Interesting question: Is there a relationship between the quality of patient care that a hospital delivers and the hospital's degree of participation in clinical trials? Maybe so, suggests a new study in the Archives of Internal Medicine.
The study looked at 174,000 patients with serious heart problems. All were admitted between 2001 and mid-2006 to one of 494 U.S. hospitals that had agreed to monitor their care to see how faithfully they were given four drugs (such as aspirin and beta-blockers) within the first 24 hours and five (such as a statin) prior to discharge. To be monitored, patients had to be enrolled in the initiative. Only 2.6 percent of the patients agreed (few clinical trials boast high enrollment rates). Some hospitals signed up a fair number of patients. Others didn't enroll a single one.

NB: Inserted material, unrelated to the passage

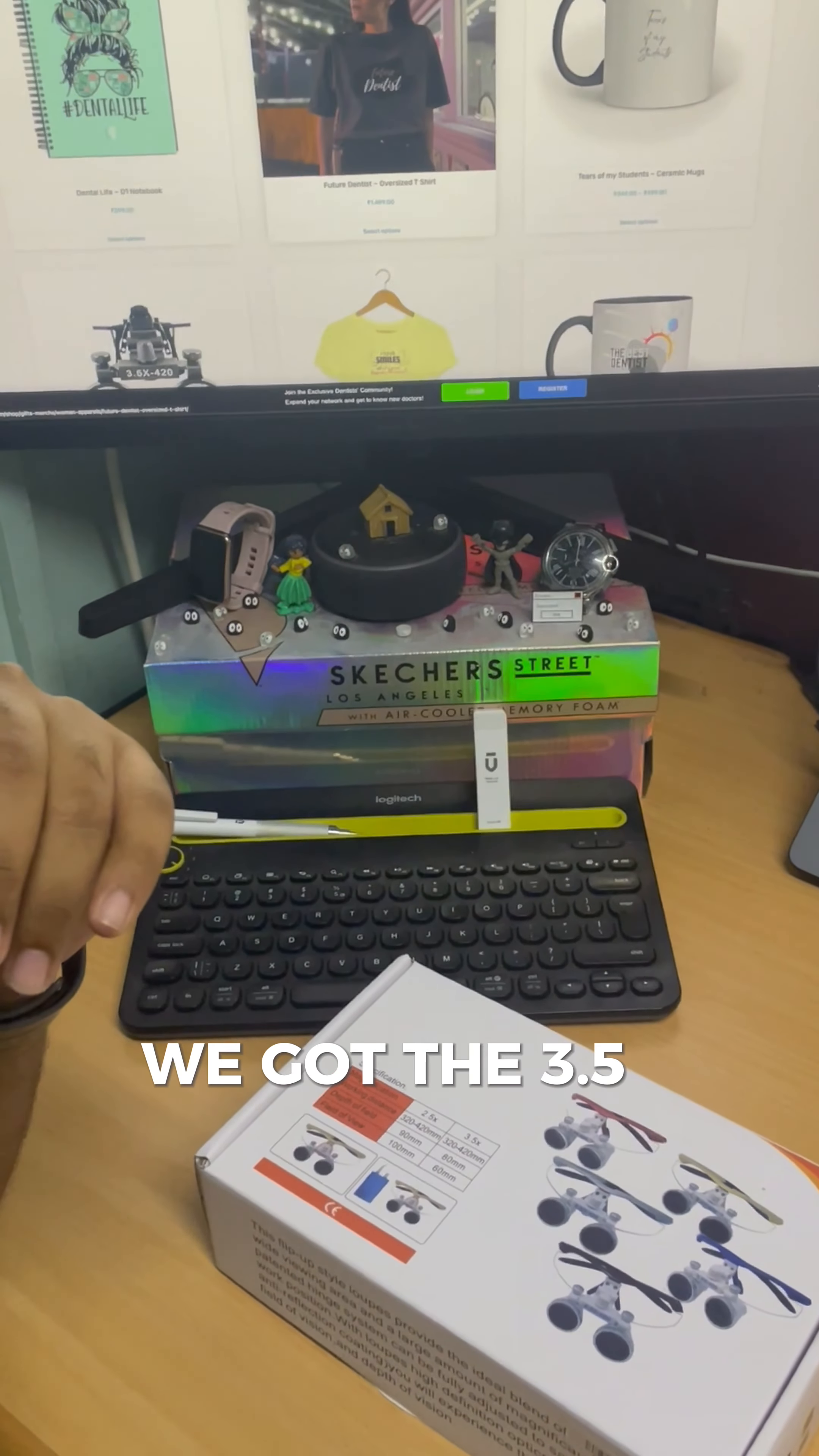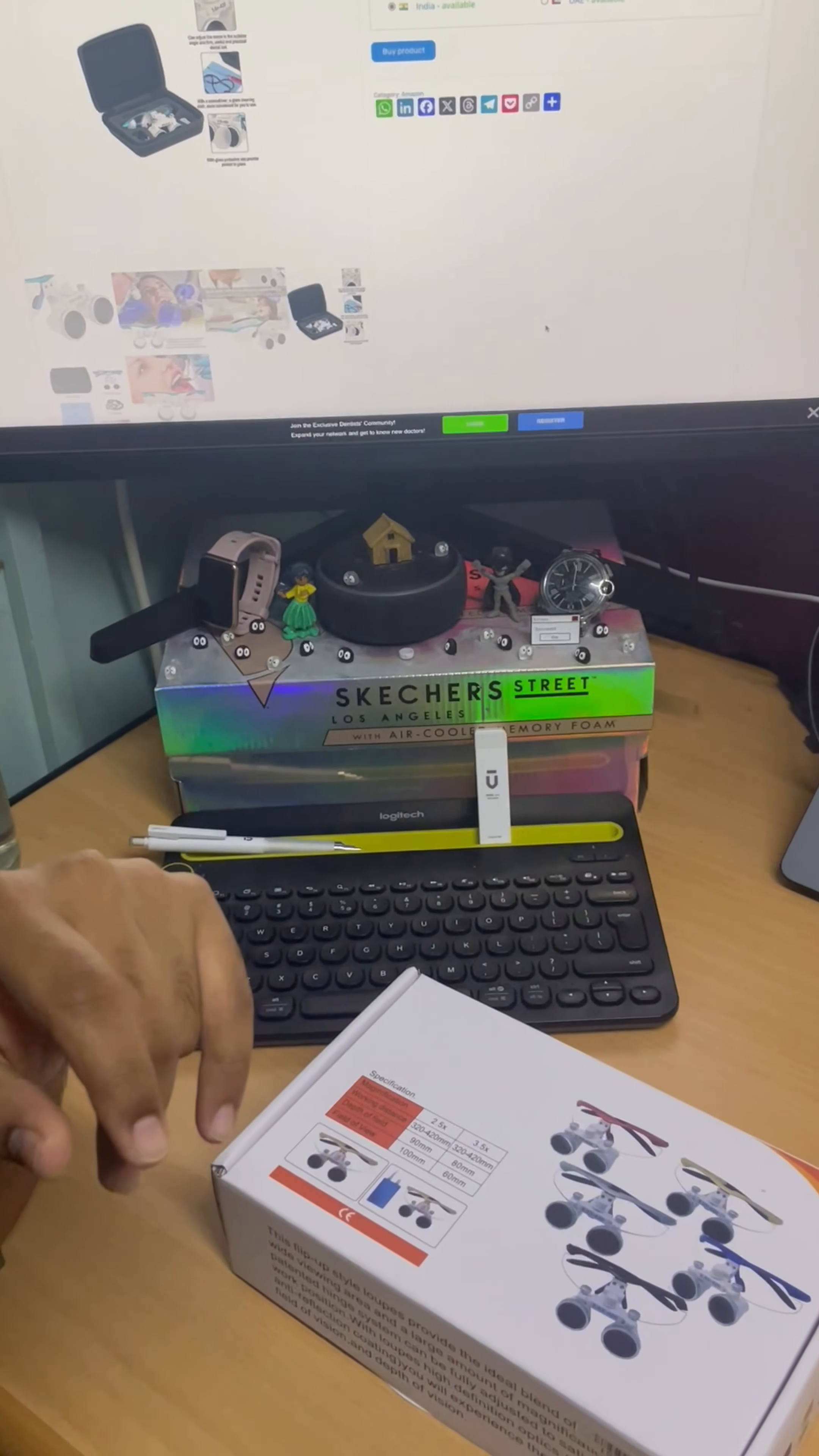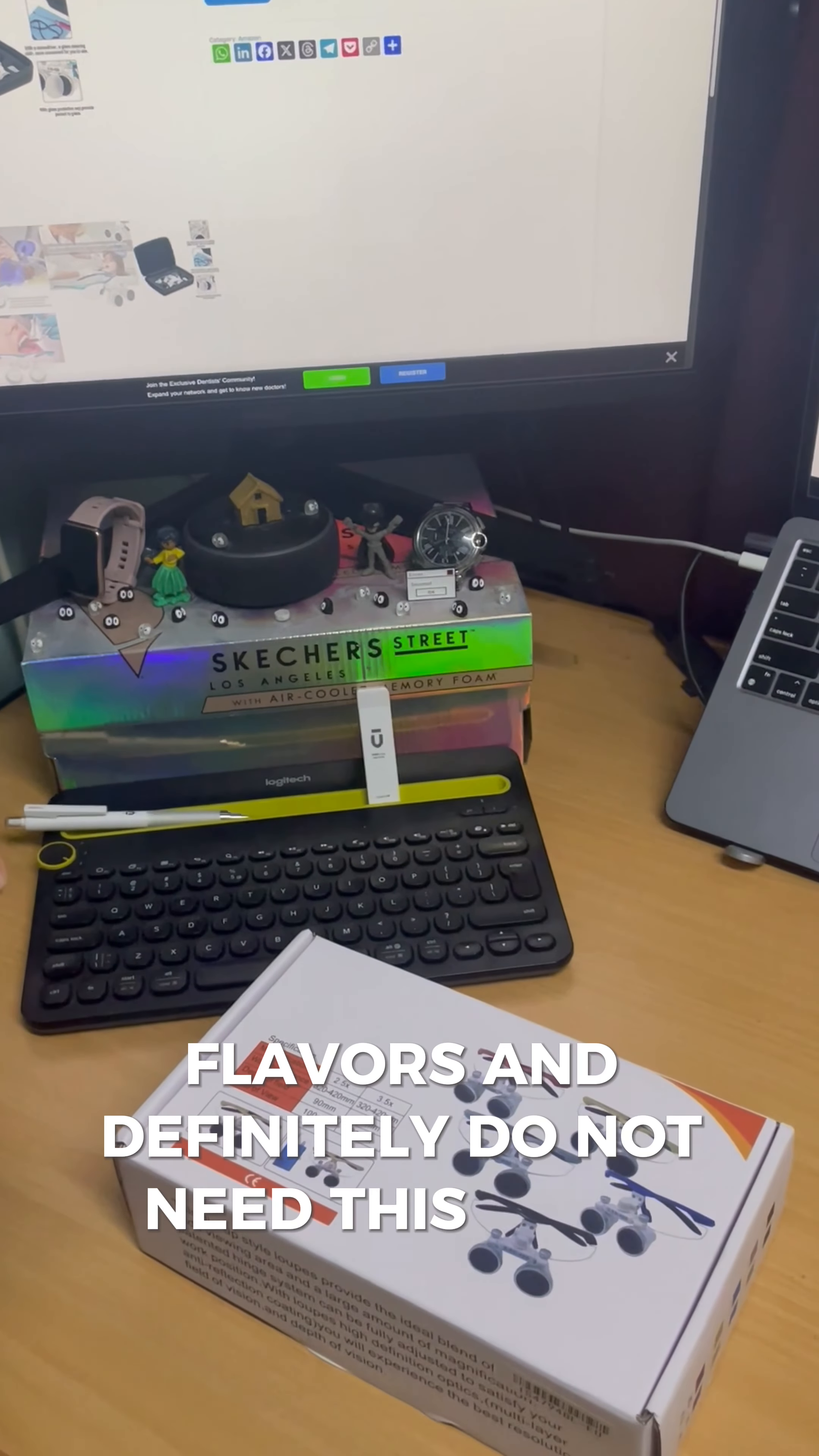We got the 3.5x magnification loupes as it is an excellent starting point for new users. The experts obviously have their own taste, flavors, and definitely do not need this video.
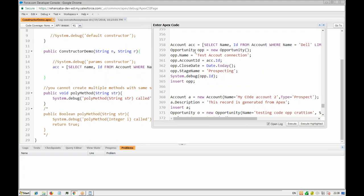Creating custom objects — you can create records (like Account and Opportunity) and also insert them. Along with insert there are other DML operations. DML stands for Database Manipulation Language — we are actually manipulating the database. The available DML operations are: insert, update, upsert, delete, and undelete.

When the authors of the Archives study compared each hospital's percentage of eligible patients who signed up with how well the hospital adhered to the drug regimen, they found that the greater the participation, the better the medication compliance. And the higher the participation rate, the lower the death rate. Mortality was 5.9 percent in hospitals that didn't enroll any patients, 4.4 percent for hospitals that enrolled some patients, and 3.5 percent for hospitals that enrolled a larger number.
Why? The study's authors mention various possibilities, among them that the kinds of medical professionals who run clinical trials tend to be high-profile types who are likelier to find out about new drugs and devices, to talk with colleagues who are similarly galvanized, and to work positive results of their trials into patient care.
It's only one study, and it focuses on a specific category of patients. But it is intriguing. If borne out by other studies, such results could provide an argument for stirring clinical trial participation into the methodology soup ladled out annually into "America's Best Hospitals" rankings. We'll be watching.